TASK GOAL — Your response should consist of the entries below, reproduced exactly and without their images.

Segment Open

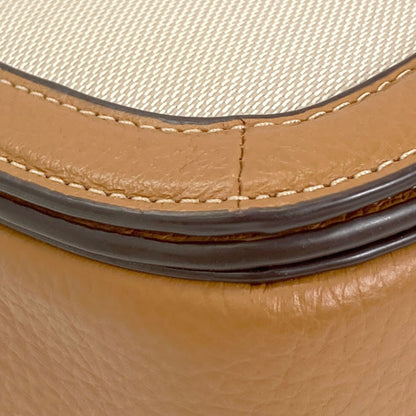 COACH C8228 Hose and carriage Shoulder Bag Canvas Ladies [Used]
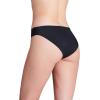imageUnder Armour Womens 3Pack Pure Stretch No Show Bikini Underwear AllDay Comfort ampamp UltraSoft FitBlack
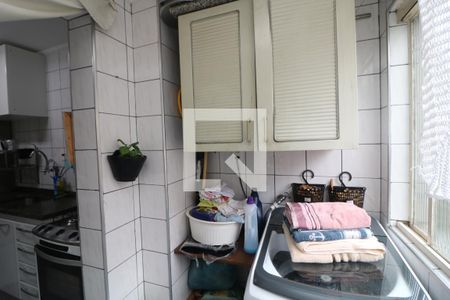 Apartamento à venda com 56m², 2 quartos e 2 vagasÁrea de Serviço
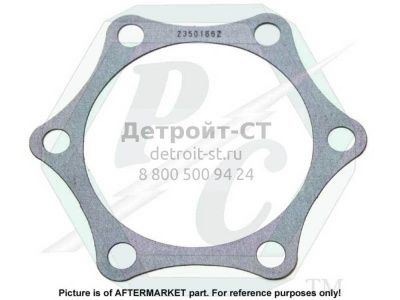 Gasket, Raw W/P Adapter 23501662 фото запчасти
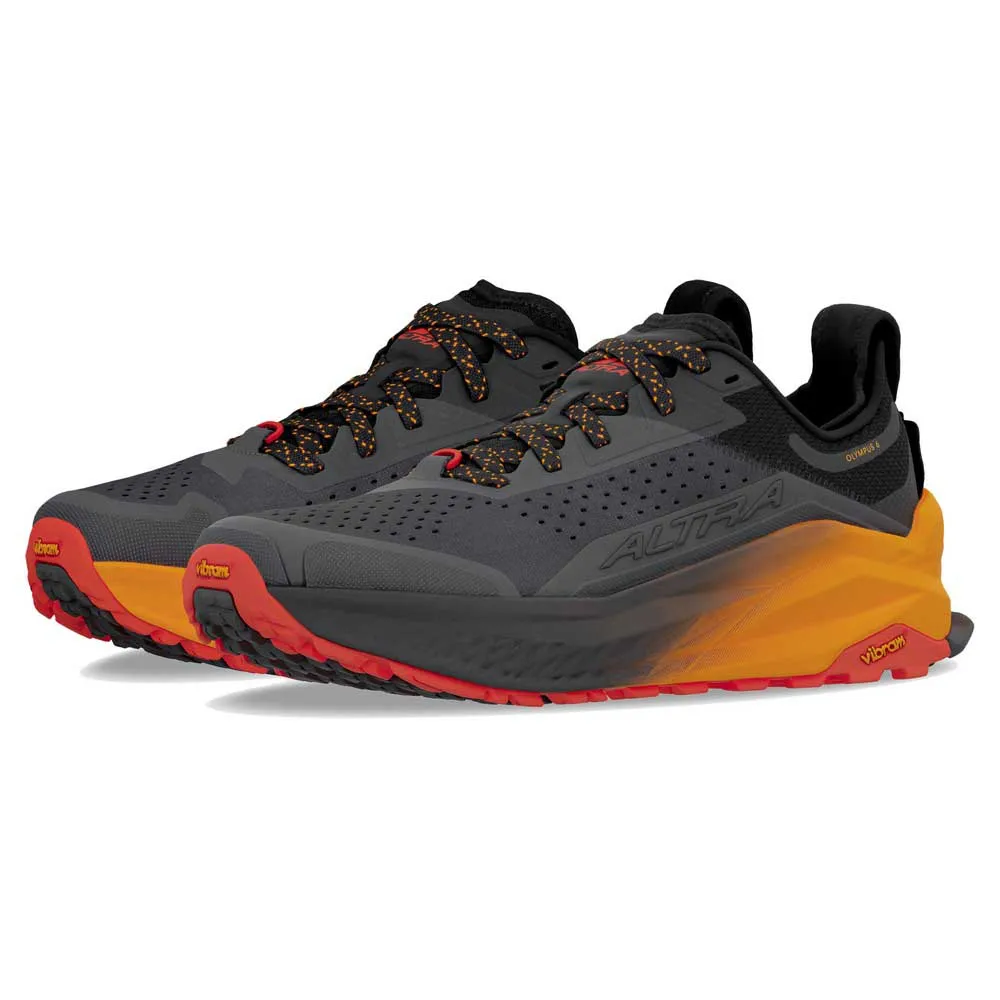 Altra Olympus 6 Trailrunning-schuhe Refurbished male, Black / orange Altra Olympus 6 Trailrunning-schuhe Refurbished male, Black / orange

Segment Closed

RESPONSE FOR THIS EXERCISE —
 COACH C8228 Hose and carriage Shoulder Bag Canvas Ladies [Used]
imageUnder Armour Womens 3Pack Pure Stretch No Show Bikini Underwear AllDay Comfort ampamp UltraSoft FitBlack
 Apartamento à venda com 56m², 2 quartos e 2 vagasÁrea de Serviço
 Gasket, Raw W/P Adapter 23501662 фото запчасти
 Altra Olympus 6 Trailrunning-schuhe Refurbished male, Black / orange Altra Olympus 6 Trailrunning-schuhe Refurbished male, Black / orange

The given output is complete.